1R06 Flood Protection Measures
a. Inspection Scope
The inspectors performed an annual review of flood protection barriers and procedures for coping with external flooding for a total of one sample. The document listed in the was used by the inspectors to accomplish the objectives of the inspection procedure. Inspection activities focused on verifying that flood mitigation plans and equipment were consistent with design requirements and risk analysis assumptions.
Inspection activities included, but were not limited to, a review and/or walkdown to assess design measures, seals, drain systems, contingency equipment condition and availability of temporary equipment and barriers, performance and surveillance tests, procedural adequacy, and compensatory measures.
b. Findings
No findings of significance were identified.
1R07 Heat Sink Performance
.1 Biennial Review of Heat Sink Performance
a. Inspection Scope
The inspectors reviewed the performance of the B Emergency Diesel Generator (EDG)coolers and the B Residual Heat Removal (RHR) heat exchanger. These heat exchangers were chosen for review based on their high risk assessment worth in the licensees probabilistic safety analysis. This review resulted in the completion of two inspection samples. While on-site, the inspectors verified that the inspection, maintenance and testing conducted on these heat exchangers were adequate to ensure proper heat transfer. This was done by conducting independent heat transfer capability calculations, reviewing the methods and calculations used to inspect and test the heat exchangers, and verifying that the as-found results were appropriately dispositioned, such that the final condition was acceptable. The inspectors also verified, by review of procedures and test results, that chemical treatments, ultrasonic tests, eddy current tests and methods used to control biotic fouling corrosion and macrofouling were sufficient to ensure required heat exchanger performance.

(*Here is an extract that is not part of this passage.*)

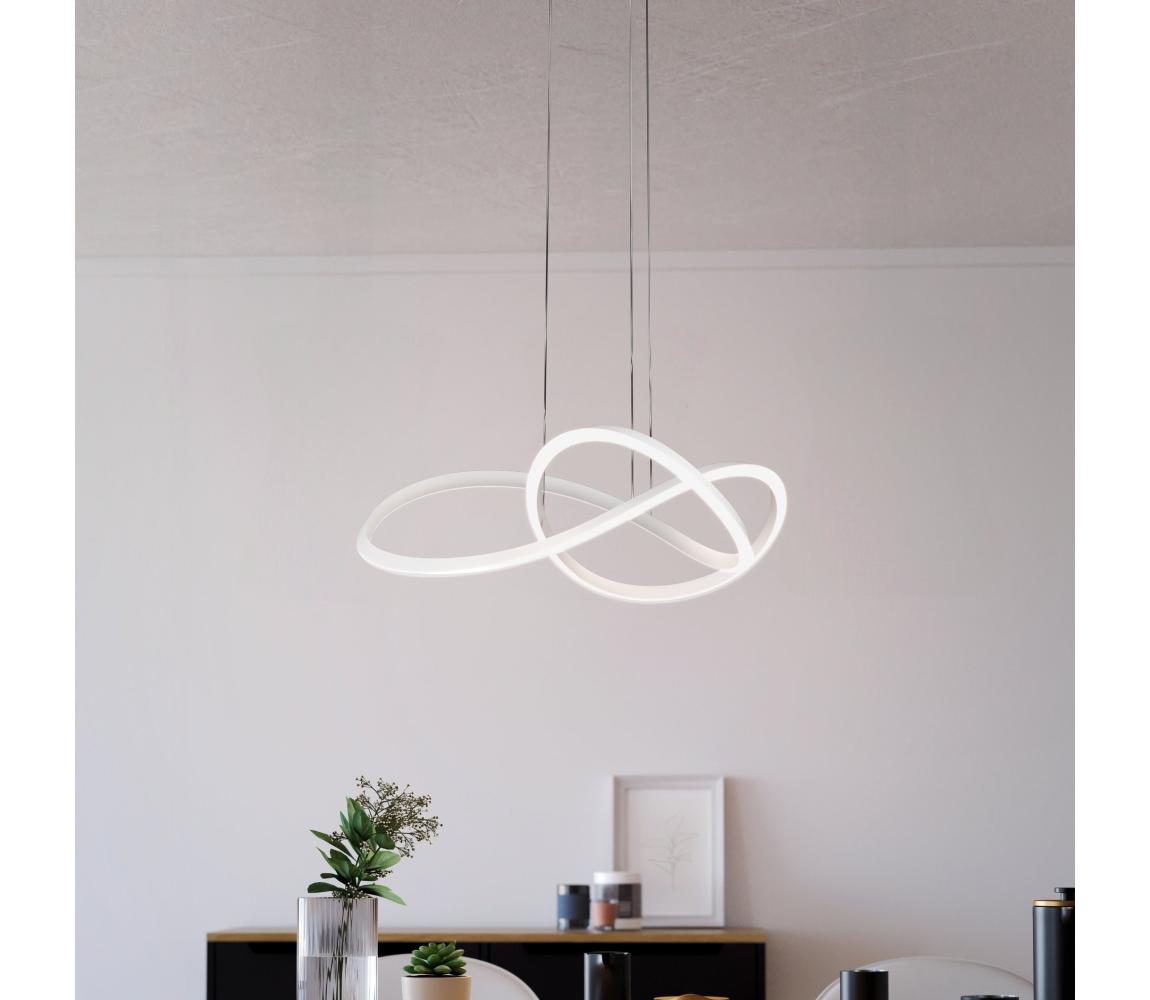 Eglo 390528 - LED stmievateľný luster na lane RIAZA LED/40W/230V 2200-6500K biela + diaľkové ovládanie 390528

The inspectors verified that the condition and operation of these heat exchangers were consistent with design assumptions in heat transfer calculations by conducting a walk-down of the intake bay, the selected heat exchangers and the pumps that supply these heat exchangers and by reviewing related procedures and surveillance. The inspectors also verified that redundant and infrequently used heat exchangers were flow tested periodically at maximum design flow. This was performed by reviewing related procedures and surveillance.
The inspectors verified the performance of the ultimate heat sink and its sub-components, such as piping, intake screens, intake bays, pumps, valves, etc. by reviewing procedures, surveillance, and visual inspections conducted on the system.
The inspectors verified that the licensee had entered significant heat exchanger and heat sink problems into their corrective action program. The inspectors reviewed issues to verify that the corrective actions taken were appropriate.
The documents that were reviewed are listed in the Attachment.
b. Findings
No findings of significance were identified.
1R11 Licensed Operator Requalification Program
a. Inspection Scope
The inspectors observed performance of two training crews on Simulator Exercise Guide 2007B-015 PM, Revision 0. The scenario included a lockout of the Startup Transformer due to an internal fault, a subsequent loss of both essential electrical busses, complicated by a small break loss of coolant accident inside the drywell with a failure of the HPCI. The documents listed in the Attachment were used by the inspectors to accomplish the objectives of the inspection procedure. The inspection activities assessed the licensees effectiveness in evaluating the requalification program, ensuring that licensed individuals operated the facility safely and within the conditions of their license, and evaluated licensed operators mastery of high-risk operator actions.
Inspection activities included, but were not limited to, a review of high risk activities, emergency plan performance, incorporation of lessons learned, clarity and formality of communications, task prioritization, timeliness of actions, alarm response actions, control board operations, procedural adequacy and implementation, supervisory oversight, group dynamics, interpretations of Technical Specifications (TSs), simulator fidelity, and the licensee critique of performance.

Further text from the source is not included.